## AIM OF THE EXERCISE
Transcribe the records in their entirety, exactly as given.

## DATA FOR THIS TASK
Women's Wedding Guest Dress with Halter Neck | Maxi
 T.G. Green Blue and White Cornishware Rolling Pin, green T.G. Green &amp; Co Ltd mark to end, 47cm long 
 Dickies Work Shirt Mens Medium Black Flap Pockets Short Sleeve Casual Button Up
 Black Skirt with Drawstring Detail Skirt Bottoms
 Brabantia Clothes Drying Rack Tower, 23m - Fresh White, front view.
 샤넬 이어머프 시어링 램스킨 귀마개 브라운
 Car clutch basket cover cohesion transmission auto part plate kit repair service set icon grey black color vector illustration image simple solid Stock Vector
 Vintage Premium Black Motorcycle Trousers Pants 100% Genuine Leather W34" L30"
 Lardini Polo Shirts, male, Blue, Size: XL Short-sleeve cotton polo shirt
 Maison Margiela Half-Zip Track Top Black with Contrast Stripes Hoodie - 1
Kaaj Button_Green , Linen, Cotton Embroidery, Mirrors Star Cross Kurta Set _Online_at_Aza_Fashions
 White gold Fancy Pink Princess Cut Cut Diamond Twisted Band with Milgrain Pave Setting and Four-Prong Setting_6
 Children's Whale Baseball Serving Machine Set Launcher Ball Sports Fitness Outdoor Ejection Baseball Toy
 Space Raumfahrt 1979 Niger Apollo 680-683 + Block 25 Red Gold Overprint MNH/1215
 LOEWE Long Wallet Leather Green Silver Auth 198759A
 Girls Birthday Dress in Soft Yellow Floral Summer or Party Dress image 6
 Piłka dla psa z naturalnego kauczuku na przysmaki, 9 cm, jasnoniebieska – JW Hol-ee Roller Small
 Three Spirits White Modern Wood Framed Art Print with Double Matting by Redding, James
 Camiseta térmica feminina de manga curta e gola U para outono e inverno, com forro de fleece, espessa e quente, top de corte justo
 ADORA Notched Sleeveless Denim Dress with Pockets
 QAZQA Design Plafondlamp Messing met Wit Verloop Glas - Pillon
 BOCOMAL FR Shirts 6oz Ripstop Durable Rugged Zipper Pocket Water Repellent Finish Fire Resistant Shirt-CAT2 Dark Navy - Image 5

## EXERCISE RESPONSE
Women's Wedding Guest Dress with Halter Neck | Maxi
 T.G. Green Blue and White Cornishware Rolling Pin, green T.G. Green &amp; Co Ltd mark to end, 47cm long 
 Dickies Work Shirt Mens Medium Black Flap Pockets Short Sleeve Casual Button Up
 Black Skirt with Drawstring Detail Skirt Bottoms
 Brabantia Clothes Drying Rack Tower, 23m - Fresh White, front view.
 샤넬 이어머프 시어링 램스킨 귀마개 브라운
 Car clutch basket cover cohesion transmission auto part plate kit repair service set icon grey black color vector illustration image simple solid Stock Vector
 Vintage Premium Black Motorcycle Trousers Pants 100% Genuine Leather W34" L30"
 Lardini Polo Shirts, male, Blue, Size: XL Short-sleeve cotton polo shirt
 Maison Margiela Half-Zip Track Top Black with Contrast Stripes Hoodie - 1
Kaaj Button_Green , Linen, Cotton Embroidery, Mirrors Star Cross Kurta Set _Online_at_Aza_Fashions
 White gold Fancy Pink Princess Cut Cut Diamond Twisted Band with Milgrain Pave Setting and Four-Prong Setting_6
 Children's Whale Baseball Serving Machine Set Launcher Ball Sports Fitness Outdoor Ejection Baseball Toy
 Space Raumfahrt 1979 Niger Apollo 680-683 + Block 25 Red Gold Overprint MNH/1215
 LOEWE Long Wallet Leather Green Silver Auth 198759A
 Girls Birthday Dress in Soft Yellow Floral Summer or Party Dress image 6
 Piłka dla psa z naturalnego kauczuku na przysmaki, 9 cm, jasnoniebieska – JW Hol-ee Roller Small
 Three Spirits White Modern Wood Framed Art Print with Double Matting by Redding, James
 Camiseta térmica feminina de manga curta e gola U para outono e inverno, com forro de fleece, espessa e quente, top de corte justo
 ADORA Notched Sleeveless Denim Dress with Pockets
 QAZQA Design Plafondlamp Messing met Wit Verloop Glas - Pillon
 BOCOMAL FR Shirts 6oz Ripstop Durable Rugged Zipper Pocket Water Repellent Finish Fire Resistant Shirt-CAT2 Dark Navy - Image 5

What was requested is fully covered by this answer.